We have a column which has following format : (1, 1, 1, 0, 1).

Here is the definition of what means two columns are compatible.

Using the notation Oi to denote the collection of rows possessing a 1 in their i-th element, we conclude that one of three possibilities must be true: $O_i ⊆ O_j$ , $O_j ⊆ O_i$ , or $O_i$ and $O_j$ are disjoint (the first two cases include the possibility that Oi = Oj). If columns i and j satisfy this condition, then we call them compatible.

The question is : How many possible columns of length 5 are compatible with the column (1, 1, 1, 0, 1)?

You can read more here where problem is described in page 14-16.

Thanks in advance !

Answer 1

Assume that a column contains $n$ elements. If all are zero, then the column is compatible with any other column of $n$ elements, of which there are $2^n$.

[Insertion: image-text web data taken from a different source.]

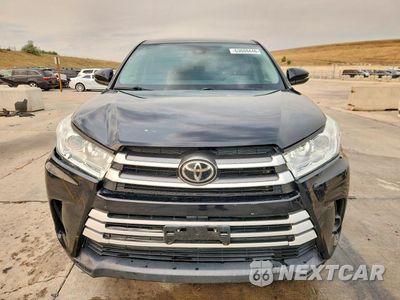 Piąte zdjęcie samochodu w środku: 2019 TOYOTA HIGHLANDER LE VIN:5TDBZRFH7KS722047 - miniatura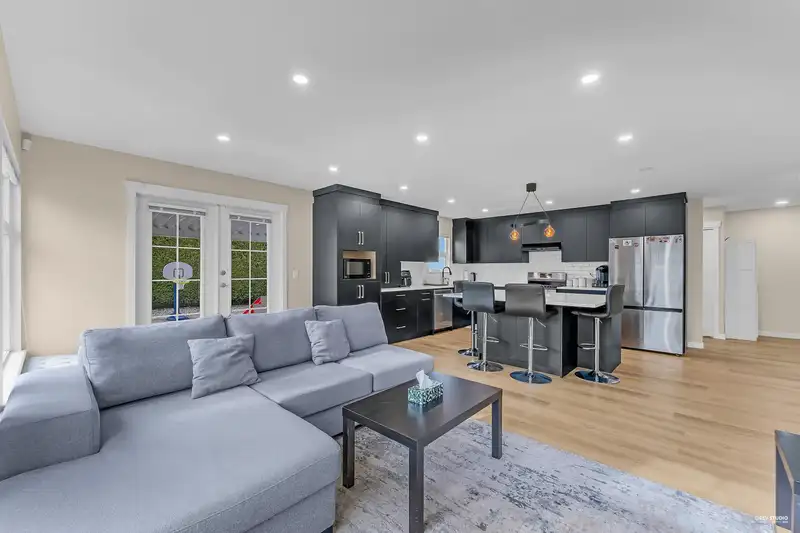 21 15188 62A AVENUE - photo 4 of 38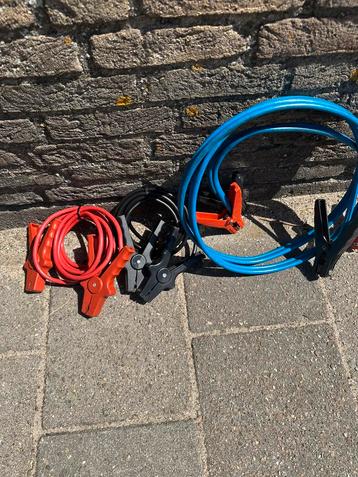 Twee set zware startkabels 9 mm dik beschikbaar voor biedingen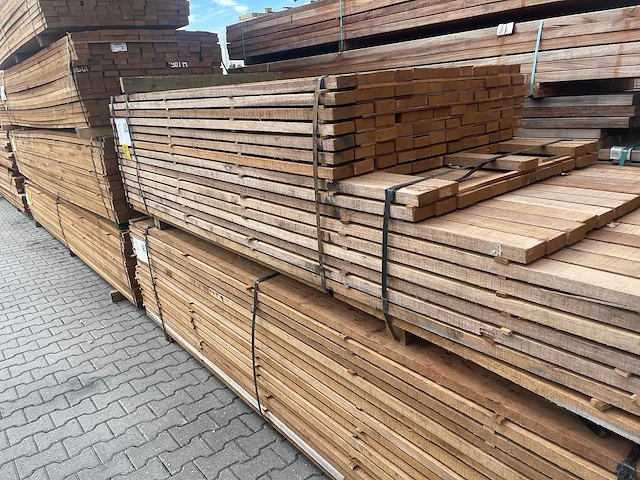 Guyana teak latten fijnbezaagd 2150-3050x80x31mm (204x) - afbeelding 3 van  3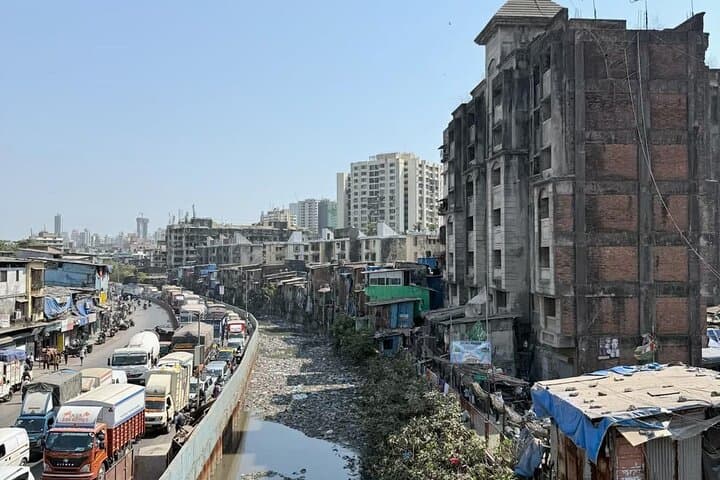 Dharavi Slum Walking Tour: Mumbai’s Untold Urban Stories photo 2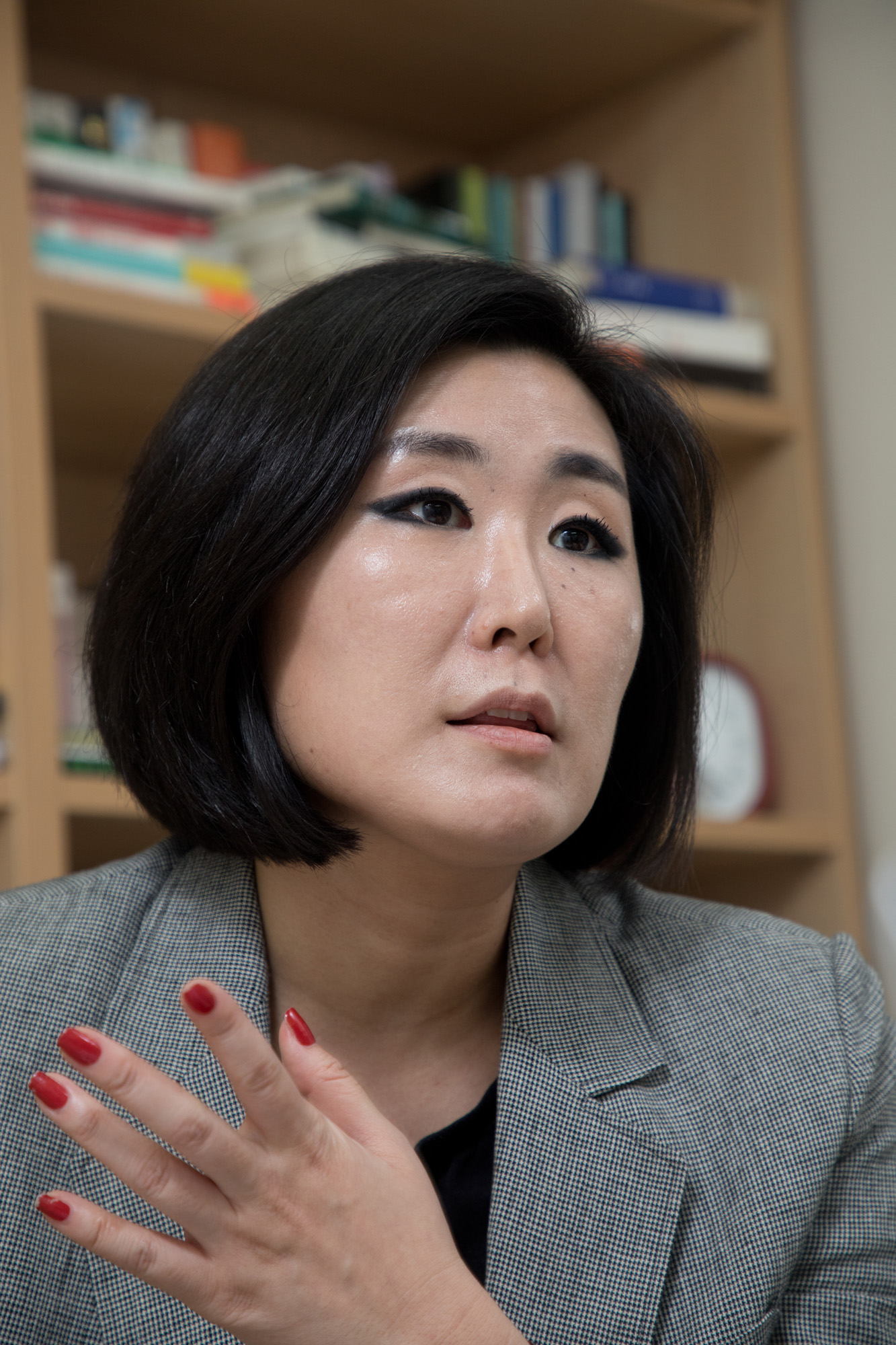 사회;페미니즘;성매매;성산업;레이디 크레딧;김주희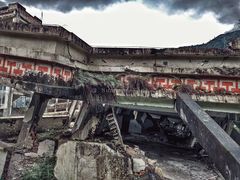 -四川汶川特大地震漩口中学遗址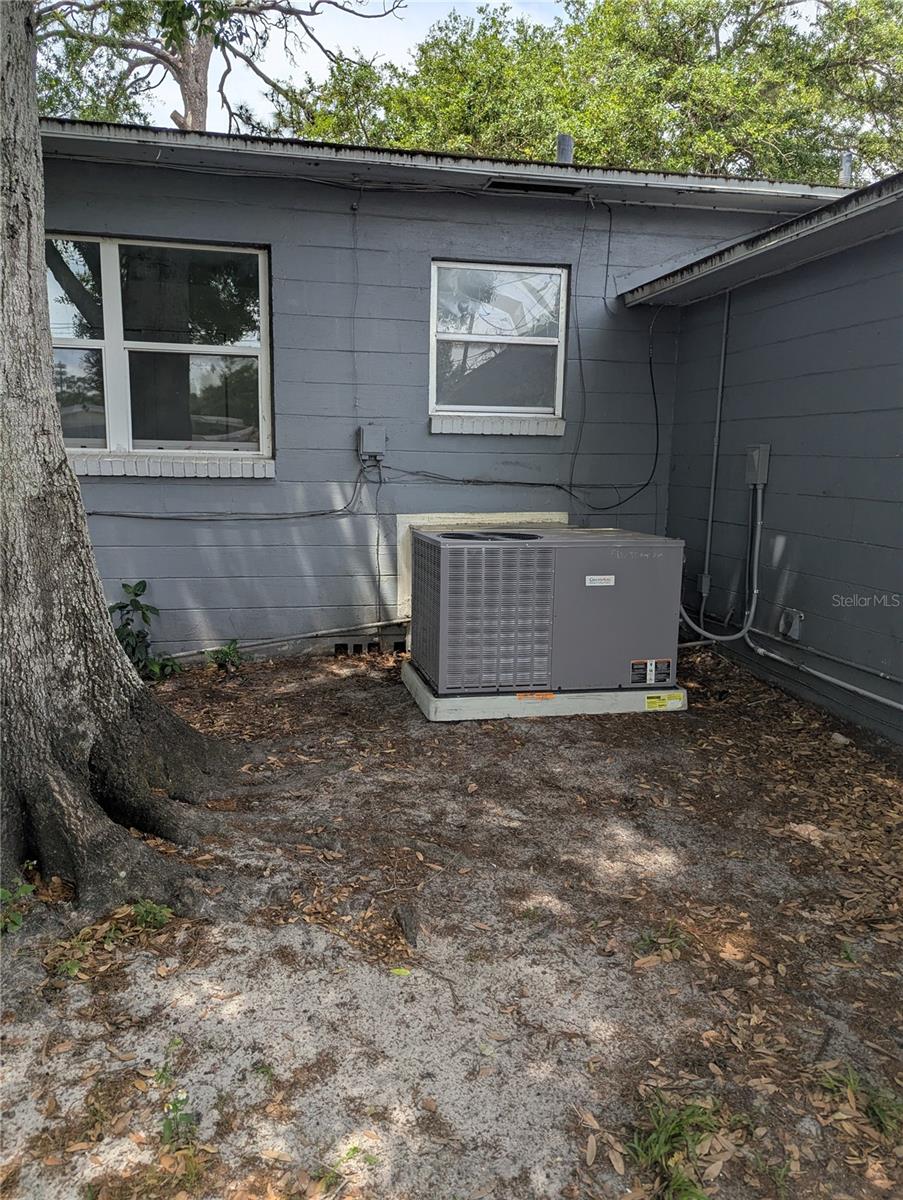 3834 DR MARTIN LUTHER KING JR ST S — photo 31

Suppose instead that a column contains $x$ ones, where $x>0$. We will now construct a compatible column next to it. There are three ways to do so:

• Write $0$ next to every one. There are $n-x$ spaces remaining, and $2^{n-x}$ ways to fill them. This is the disjoint option.
• Write $1$ next to every one. There are $n-x$ spaces remaining, and $2^{n-x}$ ways to fill them. This is the is-contained option.
• Write a mixture of $0$s and $1$s next to the ones. There are $2^x-2$ ways to do so. All remaining spaces must contain $0$. This is the contains-but-is-not-equal option.

Thus, summing, the answer is $2\cdot 2^{n-x}+2^x-2$.

In your specific case, $n=5$ and $x=4$, so the answer is $18$.